Captioned web images
>>
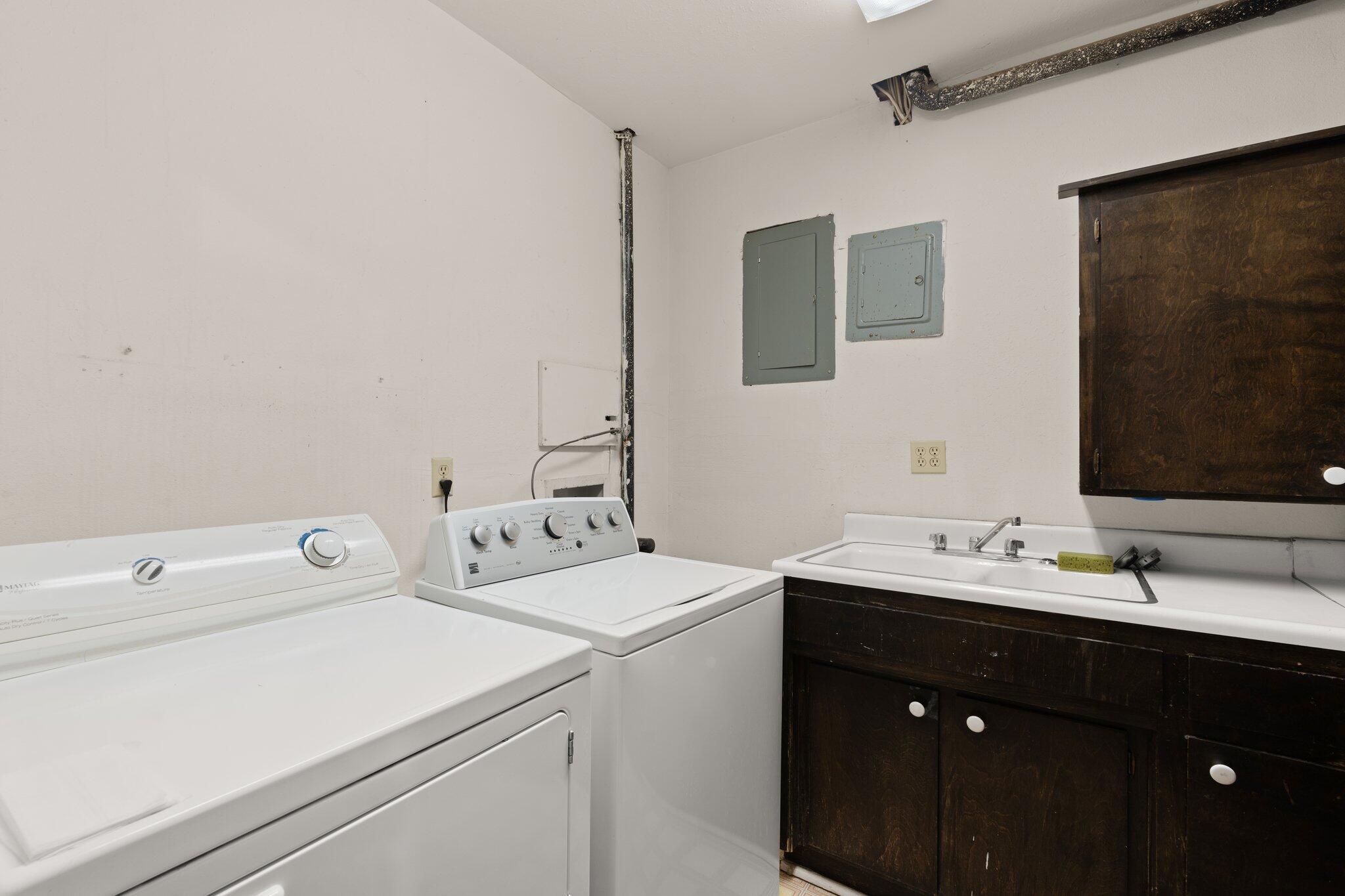 4620 Sherwood Street NE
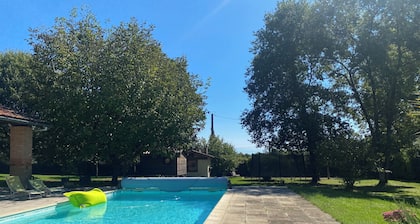 Country house for 10 people 5 minutes from Montauban
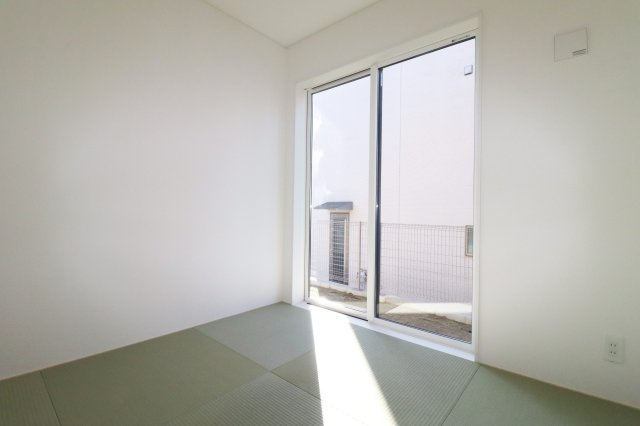 郡山市安積町荒井字柴宮山　　　３号棟　　朝日が丘小学校、郡山第７中学区の和室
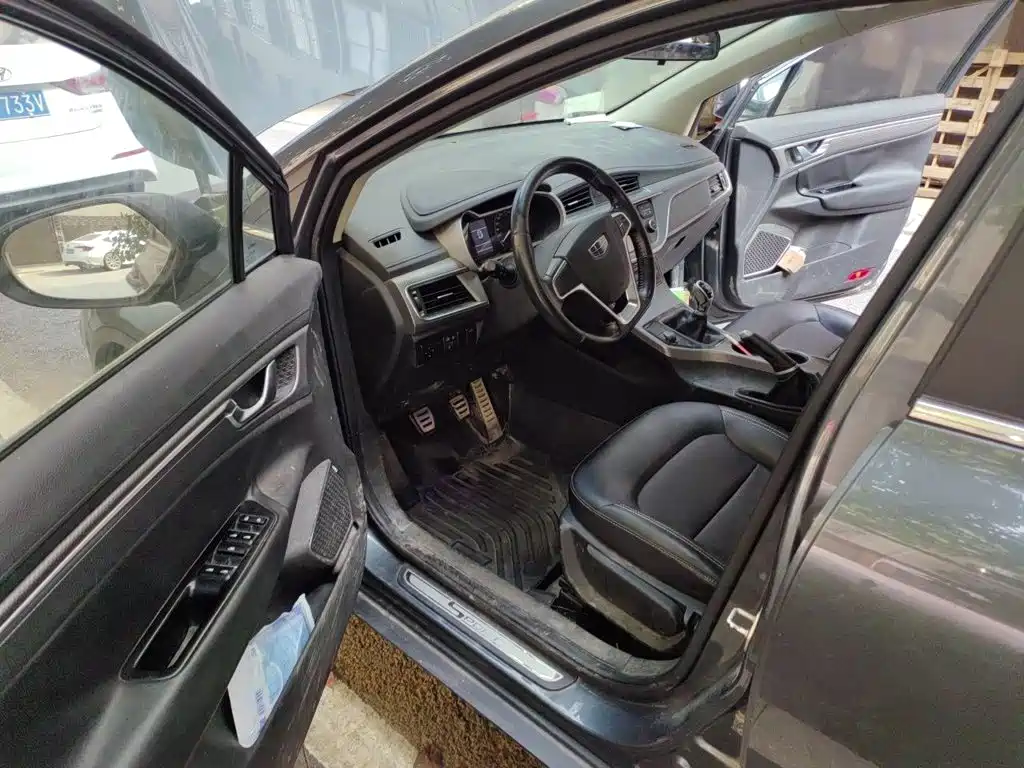 صورة 12 - Geely Emgrand GS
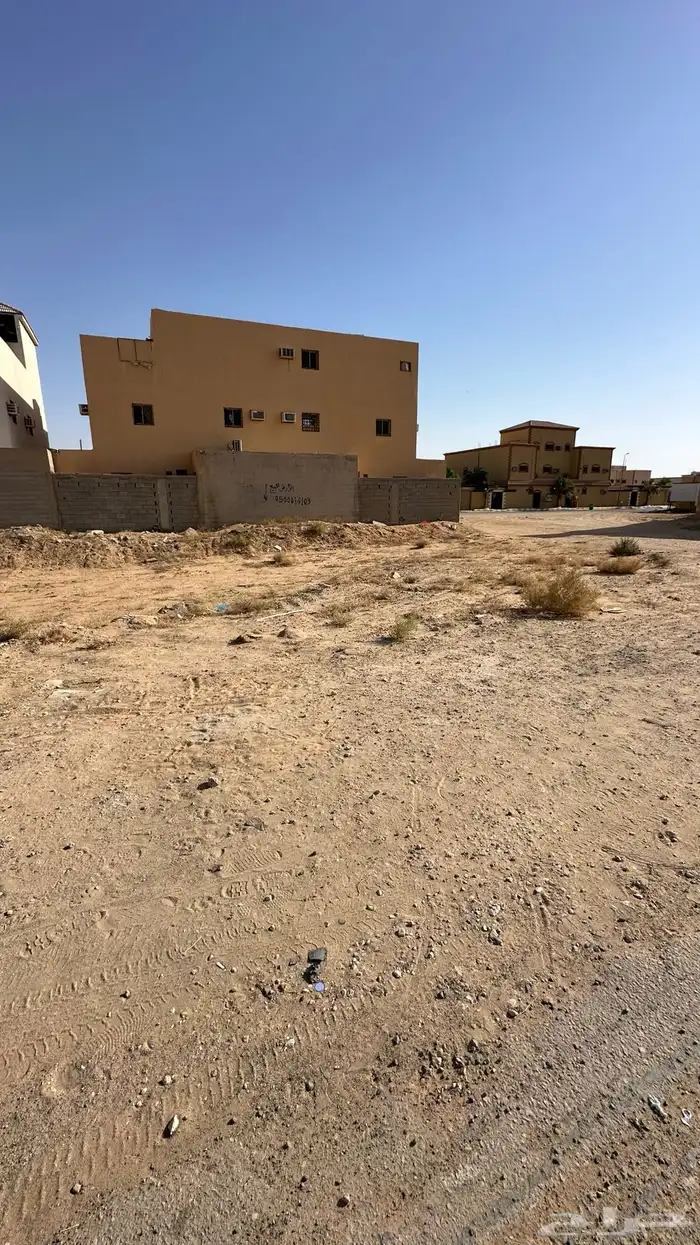 ارض تجارية بحي الشقة بمساحة (400 متر ) 4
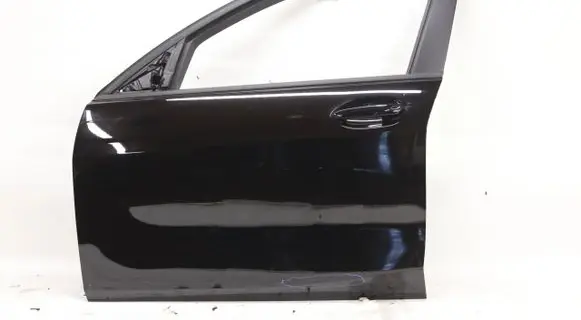 BMW 1 F40 Front door 5780347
<<
Leave every picture out. Retype the remaining data exactly.

ANSWER TO THIS PROBLEM:
 4620 Sherwood Street NE
 Country house for 10 people 5 minutes from Montauban
 郡山市安積町荒井字柴宮山　　　３号棟　　朝日が丘小学校、郡山第７中学区の和室
 صورة 12 - Geely Emgrand GS
 ارض تجارية بحي الشقة بمساحة (400 متر ) 4
 BMW 1 F40 Front door 5780347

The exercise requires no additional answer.